** RECORD EXCERPTS follows **

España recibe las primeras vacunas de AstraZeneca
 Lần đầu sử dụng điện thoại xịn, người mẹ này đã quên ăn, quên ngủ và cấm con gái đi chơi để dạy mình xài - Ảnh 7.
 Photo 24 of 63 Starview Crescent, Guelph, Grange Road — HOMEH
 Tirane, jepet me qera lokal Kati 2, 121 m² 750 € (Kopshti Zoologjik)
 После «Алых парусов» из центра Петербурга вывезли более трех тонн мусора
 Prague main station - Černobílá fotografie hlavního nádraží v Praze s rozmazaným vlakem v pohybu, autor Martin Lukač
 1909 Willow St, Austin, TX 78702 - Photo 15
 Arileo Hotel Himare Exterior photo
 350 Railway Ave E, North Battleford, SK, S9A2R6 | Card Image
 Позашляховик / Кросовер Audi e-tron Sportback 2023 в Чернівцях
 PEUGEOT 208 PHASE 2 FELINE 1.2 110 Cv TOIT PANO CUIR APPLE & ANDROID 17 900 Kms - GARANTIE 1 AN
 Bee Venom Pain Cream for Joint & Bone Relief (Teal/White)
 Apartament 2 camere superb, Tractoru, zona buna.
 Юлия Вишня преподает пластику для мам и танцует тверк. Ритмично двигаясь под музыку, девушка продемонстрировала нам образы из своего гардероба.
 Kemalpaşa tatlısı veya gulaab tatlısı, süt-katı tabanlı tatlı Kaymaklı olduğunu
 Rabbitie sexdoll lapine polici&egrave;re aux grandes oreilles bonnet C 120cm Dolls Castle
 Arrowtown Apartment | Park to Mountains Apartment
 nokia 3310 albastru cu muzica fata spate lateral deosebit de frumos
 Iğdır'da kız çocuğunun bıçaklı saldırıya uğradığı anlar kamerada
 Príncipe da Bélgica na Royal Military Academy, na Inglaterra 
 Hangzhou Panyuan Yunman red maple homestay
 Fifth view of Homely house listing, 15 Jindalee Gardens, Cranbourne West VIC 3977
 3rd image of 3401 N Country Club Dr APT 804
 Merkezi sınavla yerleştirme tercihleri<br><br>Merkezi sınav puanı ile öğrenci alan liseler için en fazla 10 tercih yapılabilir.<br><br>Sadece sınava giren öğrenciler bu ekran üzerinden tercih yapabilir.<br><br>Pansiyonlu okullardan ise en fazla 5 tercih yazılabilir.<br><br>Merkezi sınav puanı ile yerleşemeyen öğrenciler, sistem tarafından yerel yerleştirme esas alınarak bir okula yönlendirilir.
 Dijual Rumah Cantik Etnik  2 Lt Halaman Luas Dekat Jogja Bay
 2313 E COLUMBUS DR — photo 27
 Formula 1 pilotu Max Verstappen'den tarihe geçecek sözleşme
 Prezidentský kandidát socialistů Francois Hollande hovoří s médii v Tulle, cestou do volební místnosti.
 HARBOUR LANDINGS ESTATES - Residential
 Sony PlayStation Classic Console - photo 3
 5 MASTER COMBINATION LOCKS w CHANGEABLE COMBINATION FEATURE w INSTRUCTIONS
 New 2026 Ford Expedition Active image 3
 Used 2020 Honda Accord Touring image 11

** End of RECORD EXCERPTS **

Could you reproduce every record above exactly as it stands?

España recibe las primeras vacunas de AstraZeneca
 Lần đầu sử dụng điện thoại xịn, người mẹ này đã quên ăn, quên ngủ và cấm con gái đi chơi để dạy mình xài - Ảnh 7.
 Photo 24 of 63 Starview Crescent, Guelph, Grange Road — HOMEH
 Tirane, jepet me qera lokal Kati 2, 121 m² 750 € (Kopshti Zoologjik)
 После «Алых парусов» из центра Петербурга вывезли более трех тонн мусора
 Prague main station - Černobílá fotografie hlavního nádraží v Praze s rozmazaným vlakem v pohybu, autor Martin Lukač
 1909 Willow St, Austin, TX 78702 - Photo 15
 Arileo Hotel Himare Exterior photo
 350 Railway Ave E, North Battleford, SK, S9A2R6 | Card Image
 Позашляховик / Кросовер Audi e-tron Sportback 2023 в Чернівцях
 PEUGEOT 208 PHASE 2 FELINE 1.2 110 Cv TOIT PANO CUIR APPLE & ANDROID 17 900 Kms - GARANTIE 1 AN
 Bee Venom Pain Cream for Joint & Bone Relief (Teal/White)
 Apartament 2 camere superb, Tractoru, zona buna.
 Юлия Вишня преподает пластику для мам и танцует тверк. Ритмично двигаясь под музыку, девушка продемонстрировала нам образы из своего гардероба.
 Kemalpaşa tatlısı veya gulaab tatlısı, süt-katı tabanlı tatlı Kaymaklı olduğunu
 Rabbitie sexdoll lapine polici&egrave;re aux grandes oreilles bonnet C 120cm Dolls Castle
 Arrowtown Apartment | Park to Mountains Apartment
 nokia 3310 albastru cu muzica fata spate lateral deosebit de frumos
 Iğdır'da kız çocuğunun bıçaklı saldırıya uğradığı anlar kamerada
 Príncipe da Bélgica na Royal Military Academy, na Inglaterra 
 Hangzhou Panyuan Yunman red maple homestay
 Fifth view of Homely house listing, 15 Jindalee Gardens, Cranbourne West VIC 3977
 3rd image of 3401 N Country Club Dr APT 804
 Merkezi sınavla yerleştirme tercihleri<br><br>Merkezi sınav puanı ile öğrenci alan liseler için en fazla 10 tercih yapılabilir.<br><br>Sadece sınava giren öğrenciler bu ekran üzerinden tercih yapabilir.<br><br>Pansiyonlu okullardan ise en fazla 5 tercih yazılabilir.<br><br>Merkezi sınav puanı ile yerleşemeyen öğrenciler, sistem tarafından yerel yerleştirme esas alınarak bir okula yönlendirilir.
 Dijual Rumah Cantik Etnik  2 Lt Halaman Luas Dekat Jogja Bay
 2313 E COLUMBUS DR — photo 27
 Formula 1 pilotu Max Verstappen'den tarihe geçecek sözleşme
 Prezidentský kandidát socialistů Francois Hollande hovoří s médii v Tulle, cestou do volební místnosti.
 HARBOUR LANDINGS ESTATES - Residential
 Sony PlayStation Classic Console - photo 3
 5 MASTER COMBINATION LOCKS w CHANGEABLE COMBINATION FEATURE w INSTRUCTIONS
 New 2026 Ford Expedition Active image 3
 Used 2020 Honda Accord Touring image 11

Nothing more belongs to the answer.